-- Exercise --
Once you reach the line with "Tiffany Enamel Diamond Gold Bamboo Ring" below, copy each line exactly, stopping after the line with "Rare 19th Century", and skip any pictures.

-- Records for the exercise --
------------------------------------------------------------

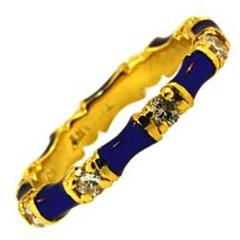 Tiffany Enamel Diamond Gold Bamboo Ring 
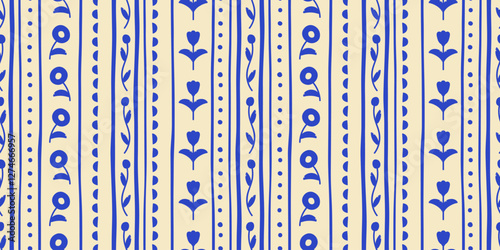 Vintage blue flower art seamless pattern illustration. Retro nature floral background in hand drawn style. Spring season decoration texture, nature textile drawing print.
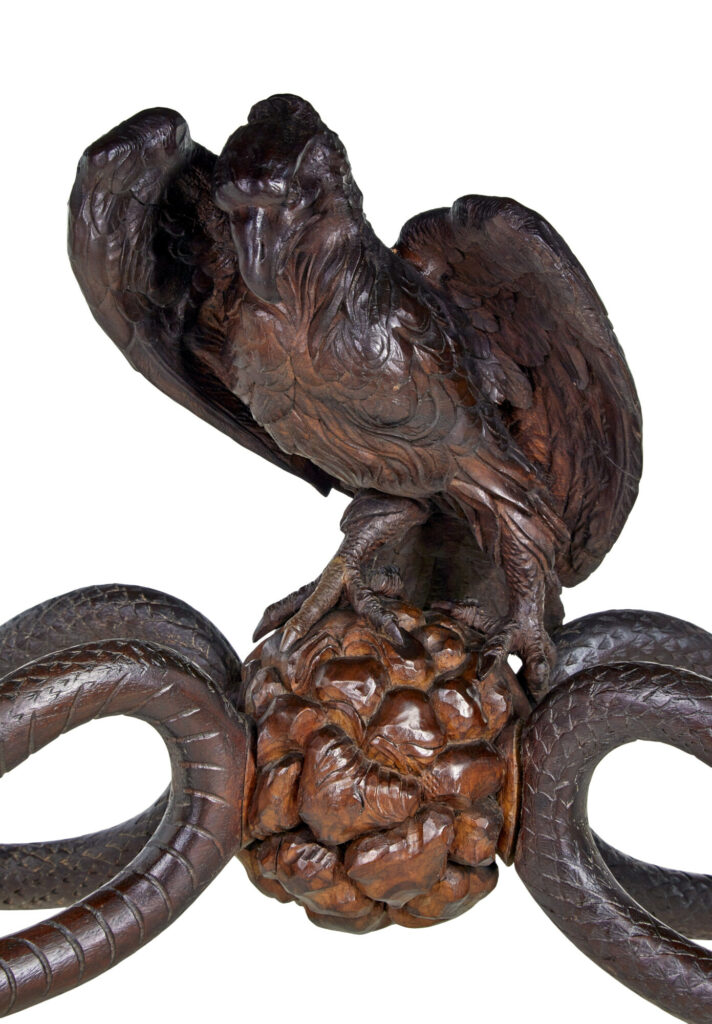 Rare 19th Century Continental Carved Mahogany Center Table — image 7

------------------------------------------------------------

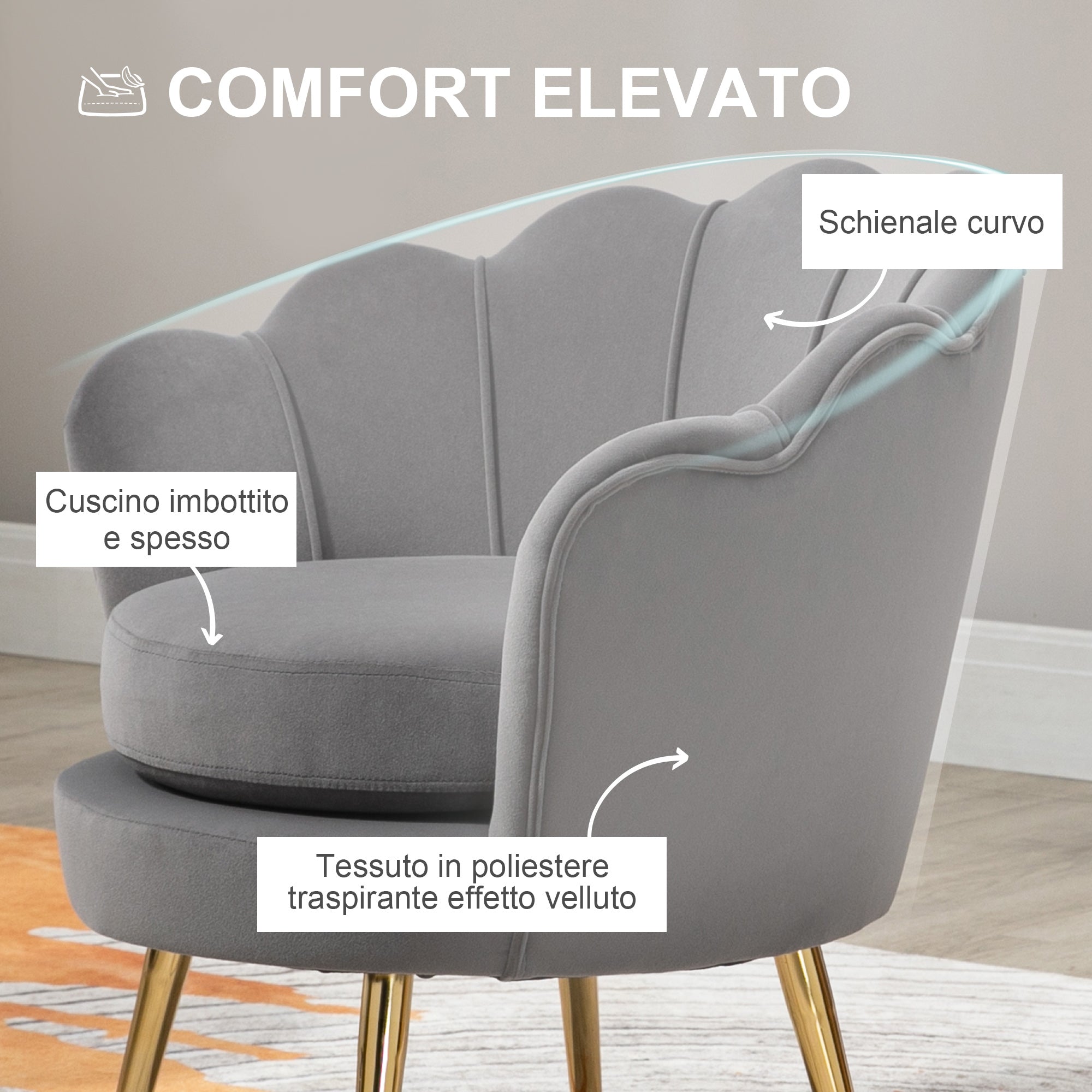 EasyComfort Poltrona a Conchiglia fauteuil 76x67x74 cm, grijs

------------------------------------------------------------

-- Output of the task --
 Tiffany Enamel Diamond Gold Bamboo Ring 
 Vintage blue flower art seamless pattern illustration. Retro nature floral background in hand drawn style. Spring season decoration texture, nature textile drawing print.
 Rare 19th Century Continental Carved Mahogany Center Table — image 7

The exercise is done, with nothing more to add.